Turning to the illustrated example, the case manager 134 then selects or identifies the first identified archive repository at step 1265. Once identified, the case manager retrieves, loads, or invokes APIs to this repository at step 1270. In some cases, case manager 134 defines a generic interface for an archive and a backup connector. This interface can contain methods for the sequential scanning of archives/backups (iterator over records in archive or backup files), the data extraction from archives/backups, and publishing the record structure of data items in the archivelbackup store. In other cases, vendors of archiving and backup systems or other software companies can provide a connector to the archive or backup system by implementing the corresponding methods of the interface and registering the connector in case manager 134's framework.

Once the case manager 134 applies predefined filter or search criteria (e.g. comment lines, module names) at step 1275. The results are then added to the runtime results at step 1280. If there are more identified archive or backup repositories (as shown at decisional step 1285), the case manager 134 selects or identifies the next repository at step 1295 and processing returns to step 1270 using this next repository. The output of the parser from the various repositories can be exported to an indexing framework in order to build a full text search infrastructure at step 1250. These results are then added to the appropriate lookup table 122 at step 1290.

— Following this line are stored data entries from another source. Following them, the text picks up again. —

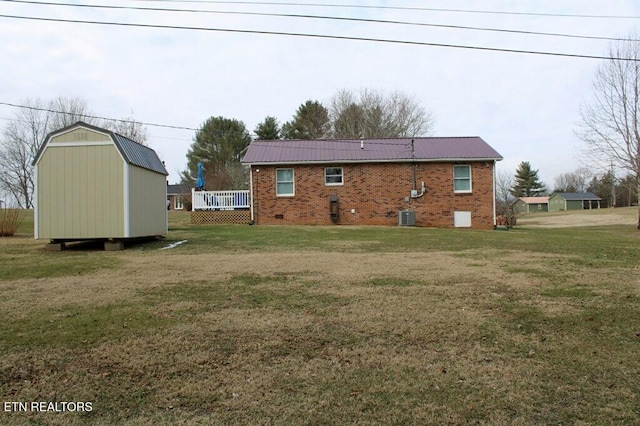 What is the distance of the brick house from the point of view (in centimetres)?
2100

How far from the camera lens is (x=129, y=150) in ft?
36.0

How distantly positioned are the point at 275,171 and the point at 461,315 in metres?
17.1

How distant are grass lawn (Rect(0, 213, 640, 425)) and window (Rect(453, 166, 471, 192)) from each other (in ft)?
45.5

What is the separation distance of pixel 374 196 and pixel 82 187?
13.4 m

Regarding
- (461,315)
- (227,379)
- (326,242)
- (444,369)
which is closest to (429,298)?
(461,315)

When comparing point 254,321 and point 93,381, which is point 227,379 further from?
point 254,321

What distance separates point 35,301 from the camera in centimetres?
532

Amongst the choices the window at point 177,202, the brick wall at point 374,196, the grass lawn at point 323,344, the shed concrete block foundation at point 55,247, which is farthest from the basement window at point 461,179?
the window at point 177,202

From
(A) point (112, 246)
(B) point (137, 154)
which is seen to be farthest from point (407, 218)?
(A) point (112, 246)

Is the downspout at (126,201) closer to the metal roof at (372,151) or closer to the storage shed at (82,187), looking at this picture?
the storage shed at (82,187)

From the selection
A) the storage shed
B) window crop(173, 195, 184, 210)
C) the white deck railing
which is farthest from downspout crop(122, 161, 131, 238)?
window crop(173, 195, 184, 210)

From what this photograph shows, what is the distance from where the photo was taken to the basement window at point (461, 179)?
21.3 metres

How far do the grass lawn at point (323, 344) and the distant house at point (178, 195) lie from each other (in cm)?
3768

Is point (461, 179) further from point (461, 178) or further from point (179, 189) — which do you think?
point (179, 189) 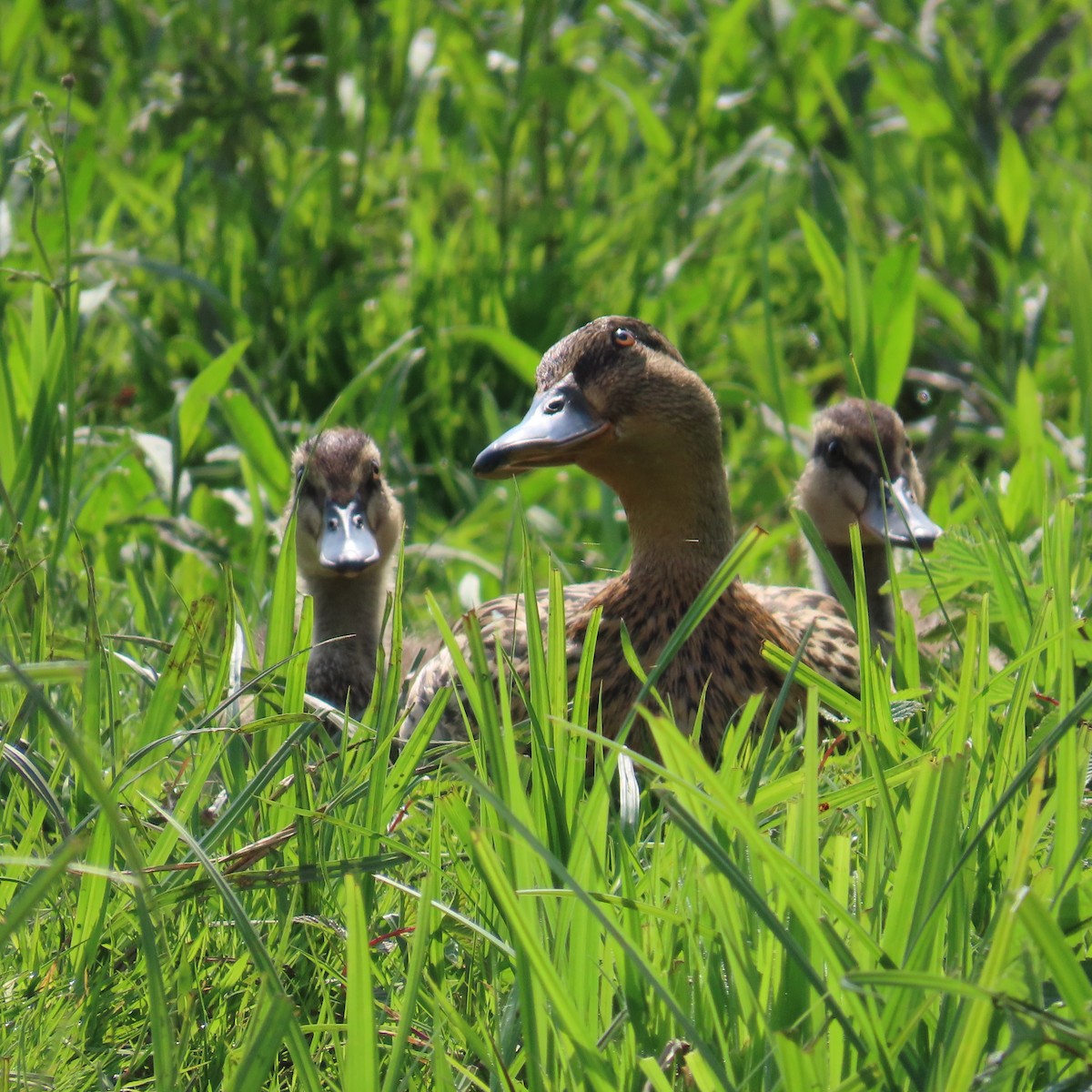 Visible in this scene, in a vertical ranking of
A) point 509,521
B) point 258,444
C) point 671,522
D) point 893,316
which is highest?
point 893,316

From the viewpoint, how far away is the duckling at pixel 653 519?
316 centimetres

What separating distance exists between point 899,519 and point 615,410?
82 centimetres

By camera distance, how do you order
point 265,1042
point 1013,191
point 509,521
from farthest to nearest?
1. point 1013,191
2. point 509,521
3. point 265,1042

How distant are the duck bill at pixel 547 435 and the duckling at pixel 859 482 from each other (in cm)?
97

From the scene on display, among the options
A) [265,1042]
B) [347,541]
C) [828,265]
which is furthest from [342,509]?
[265,1042]

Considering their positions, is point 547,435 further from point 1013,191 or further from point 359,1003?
point 1013,191

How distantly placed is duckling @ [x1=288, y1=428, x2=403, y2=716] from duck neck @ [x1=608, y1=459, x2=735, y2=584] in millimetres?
565

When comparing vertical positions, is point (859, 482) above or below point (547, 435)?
below

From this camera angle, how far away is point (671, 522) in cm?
340

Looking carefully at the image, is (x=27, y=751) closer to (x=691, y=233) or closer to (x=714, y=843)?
(x=714, y=843)

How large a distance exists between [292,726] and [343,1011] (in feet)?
1.55

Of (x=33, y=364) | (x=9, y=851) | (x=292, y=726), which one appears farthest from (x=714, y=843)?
(x=33, y=364)

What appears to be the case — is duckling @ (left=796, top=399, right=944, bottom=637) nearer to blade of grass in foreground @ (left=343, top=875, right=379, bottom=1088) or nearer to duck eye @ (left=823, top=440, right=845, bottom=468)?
duck eye @ (left=823, top=440, right=845, bottom=468)

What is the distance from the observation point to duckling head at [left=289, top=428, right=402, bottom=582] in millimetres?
3684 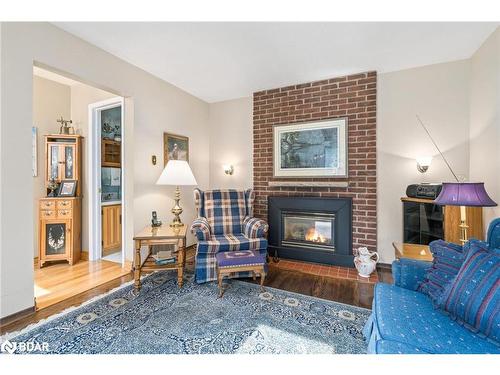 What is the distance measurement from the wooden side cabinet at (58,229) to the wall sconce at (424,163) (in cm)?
436

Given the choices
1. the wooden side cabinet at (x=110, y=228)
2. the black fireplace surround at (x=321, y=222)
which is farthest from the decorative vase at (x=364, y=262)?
the wooden side cabinet at (x=110, y=228)

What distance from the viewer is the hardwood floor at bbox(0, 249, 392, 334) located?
186cm

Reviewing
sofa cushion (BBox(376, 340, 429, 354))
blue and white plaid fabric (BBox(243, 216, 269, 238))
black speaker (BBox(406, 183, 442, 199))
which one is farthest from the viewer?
blue and white plaid fabric (BBox(243, 216, 269, 238))

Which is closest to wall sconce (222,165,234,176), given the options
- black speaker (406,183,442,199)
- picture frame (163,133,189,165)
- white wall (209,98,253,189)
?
white wall (209,98,253,189)

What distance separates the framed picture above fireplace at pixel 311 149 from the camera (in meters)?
2.99

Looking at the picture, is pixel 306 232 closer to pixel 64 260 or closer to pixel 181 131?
pixel 181 131

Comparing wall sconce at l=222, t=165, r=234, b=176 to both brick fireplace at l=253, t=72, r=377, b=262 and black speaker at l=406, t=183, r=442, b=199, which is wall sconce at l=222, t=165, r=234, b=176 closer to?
brick fireplace at l=253, t=72, r=377, b=262

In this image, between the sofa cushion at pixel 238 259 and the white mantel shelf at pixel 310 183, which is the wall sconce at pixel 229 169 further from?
the sofa cushion at pixel 238 259

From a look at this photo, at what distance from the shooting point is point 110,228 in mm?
3361

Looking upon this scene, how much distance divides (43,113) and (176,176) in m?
2.23

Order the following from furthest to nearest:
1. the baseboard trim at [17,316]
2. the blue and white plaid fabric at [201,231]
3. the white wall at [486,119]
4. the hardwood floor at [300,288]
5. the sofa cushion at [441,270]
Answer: the blue and white plaid fabric at [201,231], the white wall at [486,119], the hardwood floor at [300,288], the baseboard trim at [17,316], the sofa cushion at [441,270]

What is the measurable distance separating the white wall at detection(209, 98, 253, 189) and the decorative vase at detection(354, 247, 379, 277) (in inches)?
73.0

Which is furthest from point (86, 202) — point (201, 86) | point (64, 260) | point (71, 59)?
point (201, 86)

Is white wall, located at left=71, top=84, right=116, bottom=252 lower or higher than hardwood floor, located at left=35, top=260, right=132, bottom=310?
higher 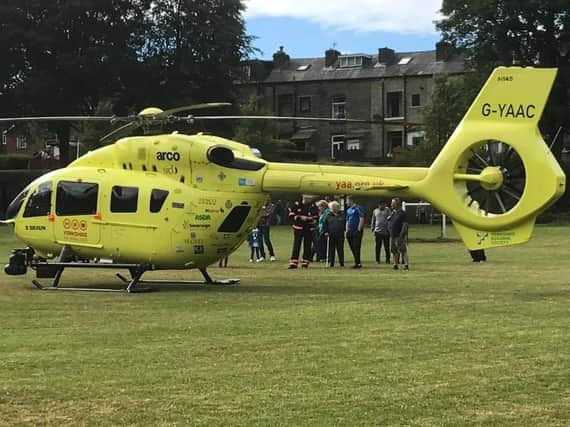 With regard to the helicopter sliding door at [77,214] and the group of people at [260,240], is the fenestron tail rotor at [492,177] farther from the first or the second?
the group of people at [260,240]

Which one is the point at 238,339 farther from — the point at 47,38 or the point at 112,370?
the point at 47,38

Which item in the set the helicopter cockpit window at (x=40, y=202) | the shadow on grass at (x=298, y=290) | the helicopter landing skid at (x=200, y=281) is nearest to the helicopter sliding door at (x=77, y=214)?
the helicopter cockpit window at (x=40, y=202)

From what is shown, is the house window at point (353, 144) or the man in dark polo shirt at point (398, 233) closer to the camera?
the man in dark polo shirt at point (398, 233)

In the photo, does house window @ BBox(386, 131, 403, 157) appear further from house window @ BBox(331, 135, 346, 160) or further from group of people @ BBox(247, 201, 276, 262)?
group of people @ BBox(247, 201, 276, 262)

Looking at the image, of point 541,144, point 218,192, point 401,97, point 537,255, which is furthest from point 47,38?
point 541,144

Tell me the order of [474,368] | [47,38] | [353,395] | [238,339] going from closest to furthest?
[353,395] < [474,368] < [238,339] < [47,38]

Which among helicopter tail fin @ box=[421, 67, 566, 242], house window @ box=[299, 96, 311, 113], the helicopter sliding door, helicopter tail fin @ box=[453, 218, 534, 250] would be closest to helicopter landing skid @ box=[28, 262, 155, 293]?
the helicopter sliding door

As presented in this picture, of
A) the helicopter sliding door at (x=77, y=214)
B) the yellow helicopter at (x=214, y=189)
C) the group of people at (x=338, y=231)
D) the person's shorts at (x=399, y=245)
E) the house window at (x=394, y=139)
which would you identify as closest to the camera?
the yellow helicopter at (x=214, y=189)

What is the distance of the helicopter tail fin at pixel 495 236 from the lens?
15688mm

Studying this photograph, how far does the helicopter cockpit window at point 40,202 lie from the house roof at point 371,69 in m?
63.6

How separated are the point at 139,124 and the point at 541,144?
25.9ft

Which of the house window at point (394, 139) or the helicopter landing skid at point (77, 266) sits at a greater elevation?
the house window at point (394, 139)

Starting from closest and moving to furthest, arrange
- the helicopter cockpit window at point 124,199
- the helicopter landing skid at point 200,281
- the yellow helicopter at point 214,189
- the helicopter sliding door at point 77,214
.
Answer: the yellow helicopter at point 214,189
the helicopter cockpit window at point 124,199
the helicopter sliding door at point 77,214
the helicopter landing skid at point 200,281

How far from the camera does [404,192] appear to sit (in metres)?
16.6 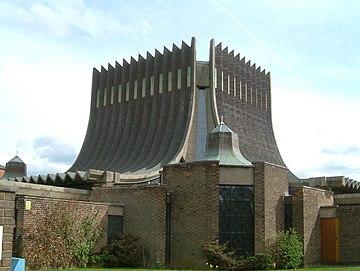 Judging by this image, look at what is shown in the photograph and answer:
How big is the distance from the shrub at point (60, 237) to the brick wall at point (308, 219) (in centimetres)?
845

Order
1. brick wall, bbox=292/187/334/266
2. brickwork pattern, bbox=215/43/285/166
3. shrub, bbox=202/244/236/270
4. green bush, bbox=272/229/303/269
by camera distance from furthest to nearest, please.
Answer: brickwork pattern, bbox=215/43/285/166
brick wall, bbox=292/187/334/266
green bush, bbox=272/229/303/269
shrub, bbox=202/244/236/270

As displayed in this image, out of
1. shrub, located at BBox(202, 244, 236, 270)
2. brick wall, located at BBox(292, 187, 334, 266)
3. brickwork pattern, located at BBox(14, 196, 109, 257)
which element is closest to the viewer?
brickwork pattern, located at BBox(14, 196, 109, 257)

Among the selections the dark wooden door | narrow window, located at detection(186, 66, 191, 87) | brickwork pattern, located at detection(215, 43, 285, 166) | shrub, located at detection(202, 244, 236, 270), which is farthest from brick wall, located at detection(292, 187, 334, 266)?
narrow window, located at detection(186, 66, 191, 87)

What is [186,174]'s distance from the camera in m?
23.4

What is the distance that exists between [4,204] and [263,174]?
14.1 metres

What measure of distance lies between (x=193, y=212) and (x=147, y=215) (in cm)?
209

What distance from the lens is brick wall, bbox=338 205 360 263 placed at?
24.6m

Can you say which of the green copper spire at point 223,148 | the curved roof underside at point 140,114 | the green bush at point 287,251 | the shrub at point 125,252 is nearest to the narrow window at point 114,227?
the shrub at point 125,252

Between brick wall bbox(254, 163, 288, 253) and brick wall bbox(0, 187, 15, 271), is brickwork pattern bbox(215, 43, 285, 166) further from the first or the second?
brick wall bbox(0, 187, 15, 271)

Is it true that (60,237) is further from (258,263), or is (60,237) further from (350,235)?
(350,235)

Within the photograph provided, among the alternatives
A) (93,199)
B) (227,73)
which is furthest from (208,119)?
(93,199)

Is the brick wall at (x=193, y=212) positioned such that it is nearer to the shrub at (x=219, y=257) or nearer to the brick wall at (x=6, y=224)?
the shrub at (x=219, y=257)

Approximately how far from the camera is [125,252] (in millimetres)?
22531

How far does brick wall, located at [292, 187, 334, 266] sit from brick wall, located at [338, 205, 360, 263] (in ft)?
3.42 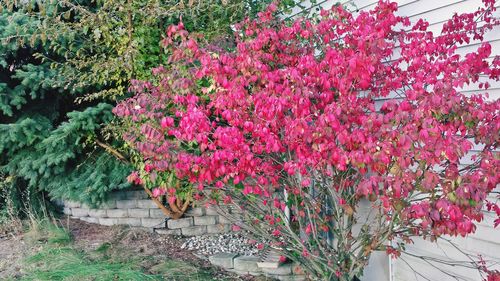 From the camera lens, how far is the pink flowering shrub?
2229mm

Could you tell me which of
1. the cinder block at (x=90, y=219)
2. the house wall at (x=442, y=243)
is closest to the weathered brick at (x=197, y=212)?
the cinder block at (x=90, y=219)

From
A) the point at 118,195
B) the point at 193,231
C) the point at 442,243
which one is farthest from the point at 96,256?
the point at 442,243

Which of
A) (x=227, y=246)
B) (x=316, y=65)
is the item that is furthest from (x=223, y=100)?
(x=227, y=246)

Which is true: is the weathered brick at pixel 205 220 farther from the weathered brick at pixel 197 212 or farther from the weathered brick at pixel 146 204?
the weathered brick at pixel 146 204

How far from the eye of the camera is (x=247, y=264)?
437cm

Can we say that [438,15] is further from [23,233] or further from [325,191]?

FIG. 13 illustrates an example flowchart depicting an efficient process 1300 for determining whether an object is subject to a legal hold within a particular implementation of the present disclosure. Specifically, case manager 134 may receive a request for an object's hold status at step 1305. This request may come from any suitable module or user, including the front-end of case manager 134, business application 132, information retention manager 136, development application 130, and others.

If the lookup table 122 is centralized (at least for this type of object), then case manager 134 executes or runs a multidimensional hash on the object at step 1310. Using this hash, and perhaps the object type, case manager 134 queries the lookup table 122 at step 1315. If the lookup table 122 is distributed, then case manager 134 may identify the object type 1320 to identify the appropriate lookup table 122 at step 1325. Next, at step 1330, case manager 134 maps the object to the lookup table index. The case manager 134 then queries that lookup table 122 for the respective object at step 1335.

If the case manager 134 locates one or more records in the particular lookup table 122 at decisional step 1340, then it notifies the requestor that the object is subject to one or more legal holds. For example, this notification may merely comprise a binary status (such as “free” or “held”) or may instead include more detailed information such as the specific case or cases, the length of the hold, the type of hold, the registered module, child objects, and so forth. But if no record was found, then the case manager 134—in situations where the dependency graph is not part of the table (decisional step 1350)—notifies the requestor that the particular does not appear to be subject to a legal hold at step 1355. If object relationship graphs are stored in or utilized by the lookup table 122, then case manager 134 may execute various graph processes at step 1360 to determine if the object is subject to a legal hold, such as via its prima nota, at step 1365. If this graph processing occurs, then case manager 134 may return to decisional step 1340 as appropriate.

FIG. 14 illustrates an example flowchart depicting a process 1400 for generating an object relationship graph within a particular implementation of the present disclosure, such as that potentially utilized in earlier processes. Specifically, example process 1400 first identifies the target object at step 1405. For example, case manager 134 may be adding a particular target object to a lookup table 122 or may be quickly determining if the target object is (either directly or indirectly) subject to a legal hold.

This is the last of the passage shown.